Tot het einde van het nazibewind moesten Joden en Roma gele linten of andere herkenningstekens dragen, zoals de Jodenster. Joodse doktoren mochten geen ariërs onderwijzen of behandelen als patiënt. Tijdens de Tweede Wereldoorlog werden verschillende bevolkingsgroepen die als Untermenschen waren geclassificeerd naar concentratiekampen gestuurd en systematisch vermoord.

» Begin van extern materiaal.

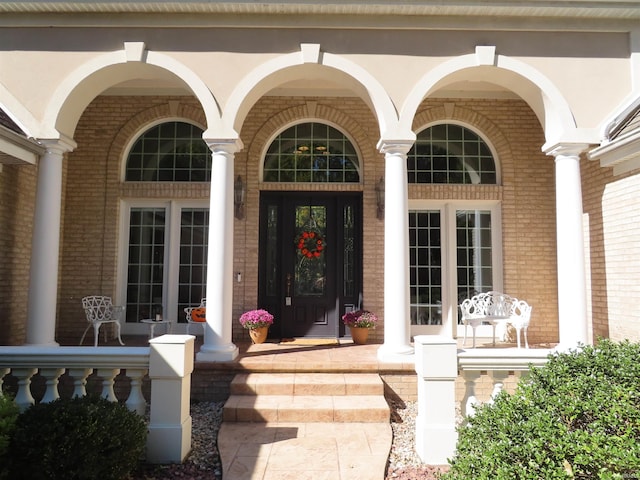 property entrance with covered porch and brick siding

Verenigde Staten van Amerika

In de Verenigde Staten ontstond na de afschaffing van de slavernij een lange traditie van rassenscheiding, die geregeld werd door de zogenaamde Jim Crow-wetten. Wetgeving die de afstammelingen van de Afrikaanse slaven beperkingen oplegde werd ingevoerd in de decennia na de Amerikaanse Burgeroorlog, met name in de zuidelijke staten. Daar moesten zwarten op veel plekken gebruikmaken van aparte restaurants, openbare toiletten en scholen. Er waren zelfs steden, de zgn. sunset cities, waar het zwarte personeel overdag niet kon worden gemist, maar waar het voor zonsondergang de stad moest hebben verlaten. Tot in de jaren 50 konden welvarende voorsteden zoals Beverly Hills en Bel Air zwarten (en ook Joden) verbieden zich aldaar te vestigen vanwege 'beperkende' wetgeving (Exclusionary covenants).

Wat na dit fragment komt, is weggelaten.